| Aim of the task |
Pictures must not appear in the copy. Reproduce exactly, and only, the lines from the one with "黄河大合唱组诗黄河颂,黄河颂组诗八篇" through the end of the data below.

| Information provided |
· · · ·

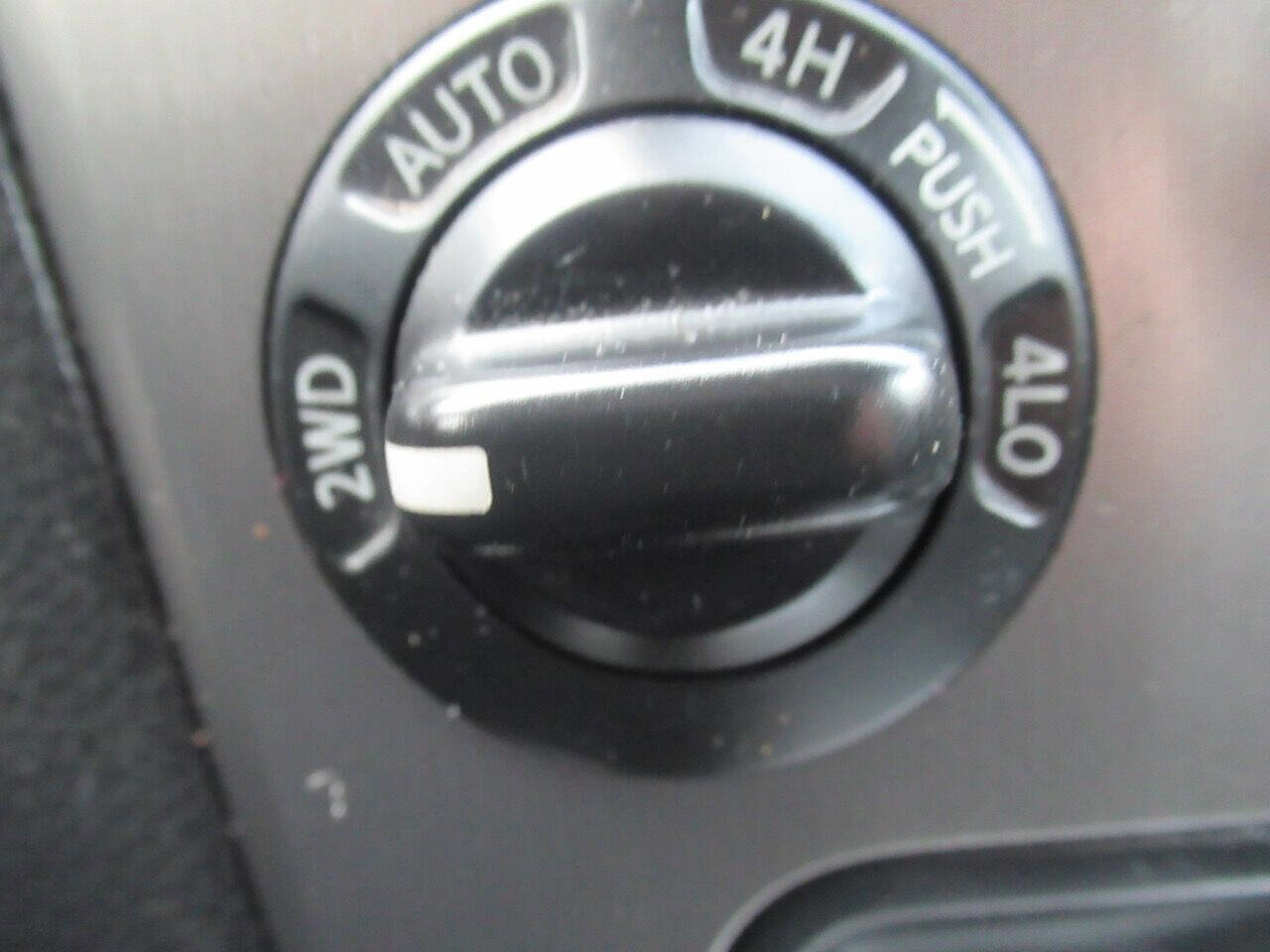 Used 2012 Nissan Armada SV image 36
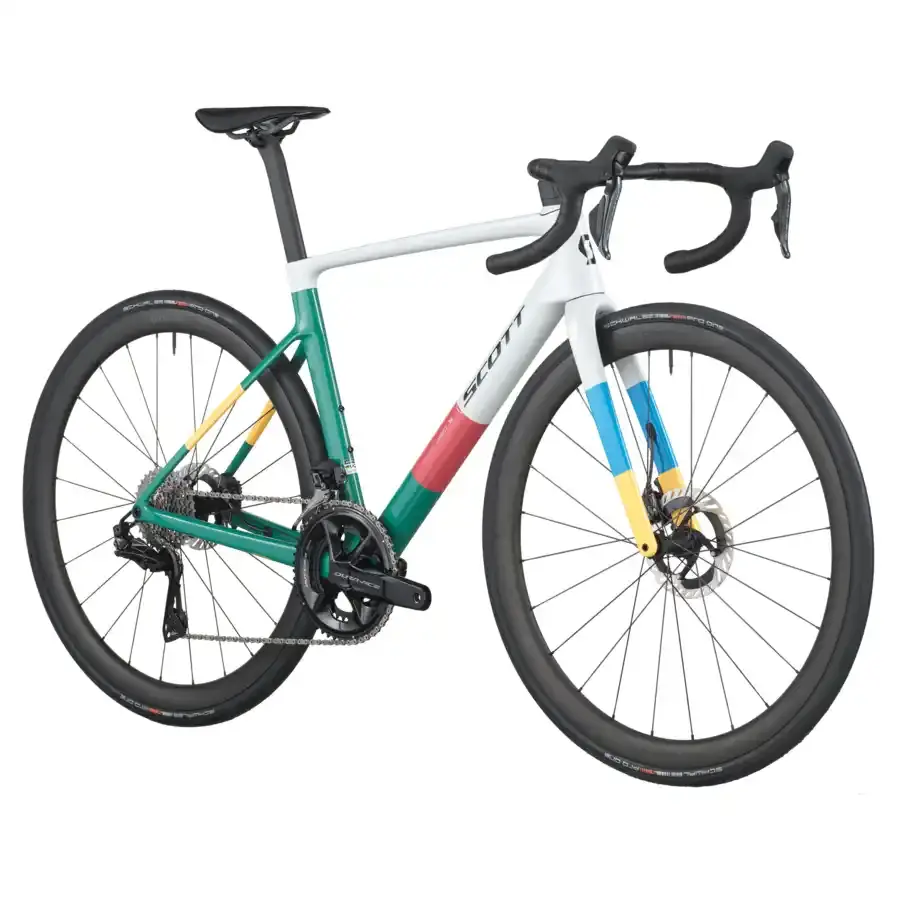 A Bicicleta SCOTT Addict RC Pro eleva o desempenho com o seu Quadro Addict RC em Carbono HMX e Transmissão Shimano Dura-Ace Di2 Disc 24 VL.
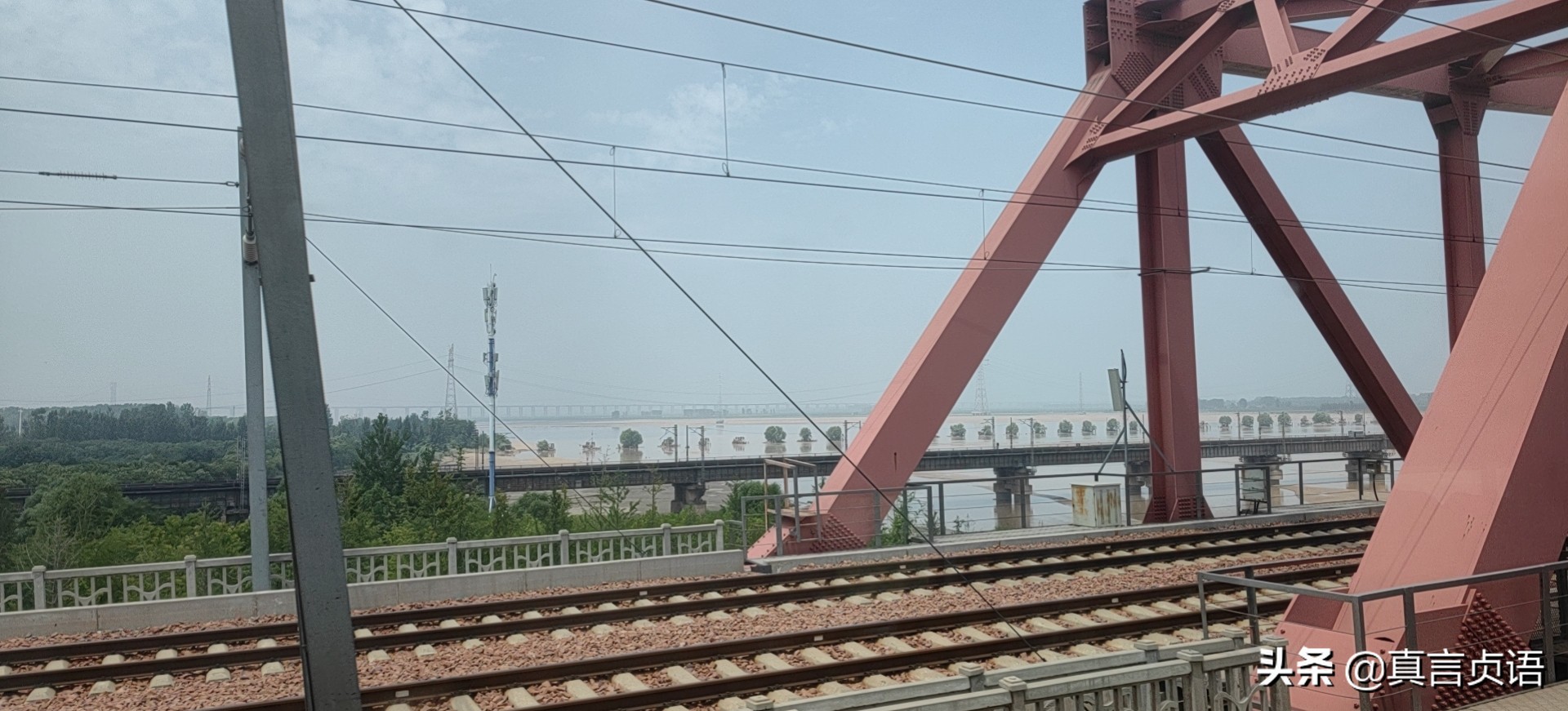 黄河大合唱组诗黄河颂,黄河颂组诗八篇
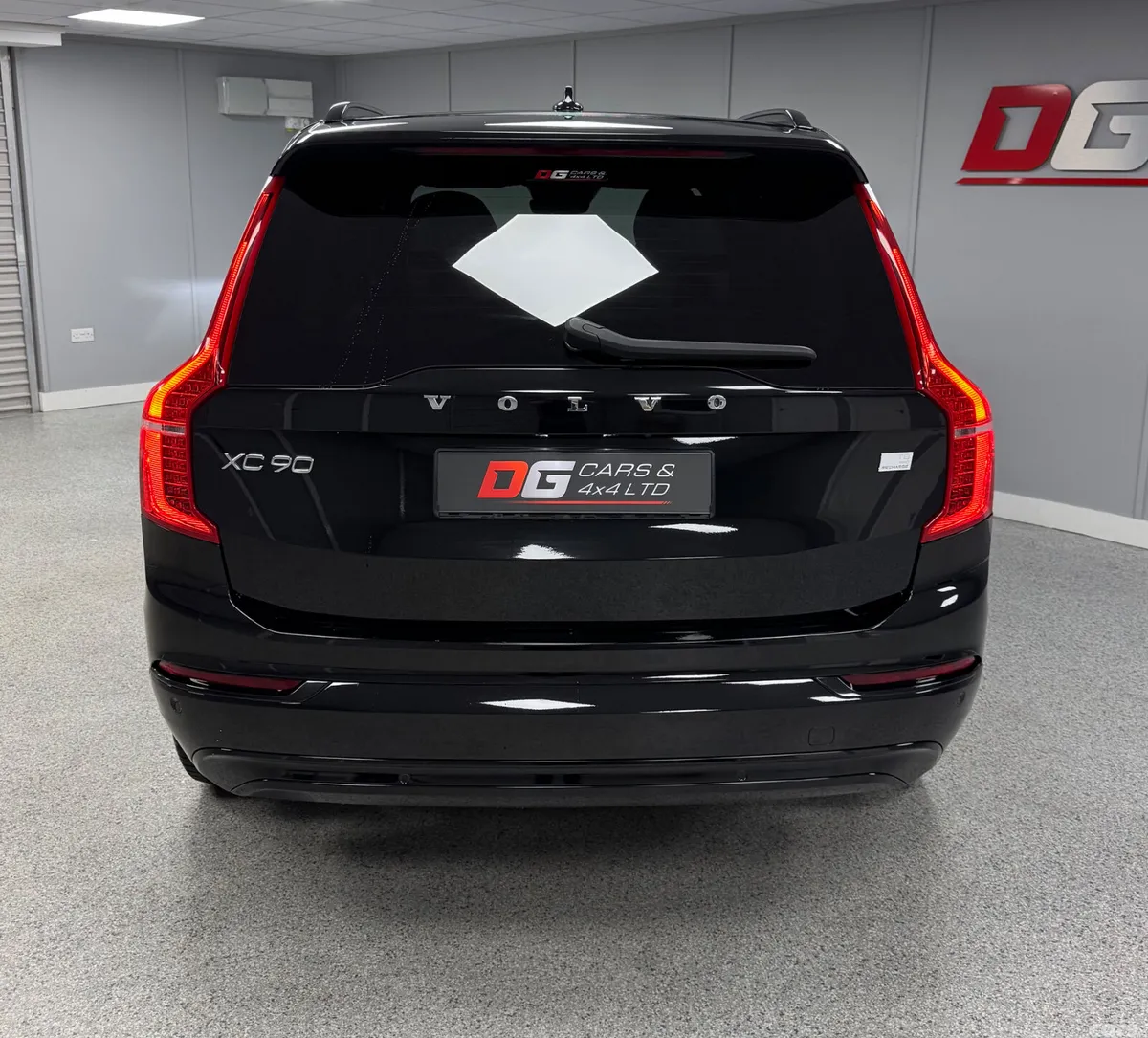 Volvo XC90 SUV, Petrol Hybrid, 2021, Black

· · · ·

| Answer for this exercise |
 黄河大合唱组诗黄河颂,黄河颂组诗八篇
 Volvo XC90 SUV, Petrol Hybrid, 2021, Black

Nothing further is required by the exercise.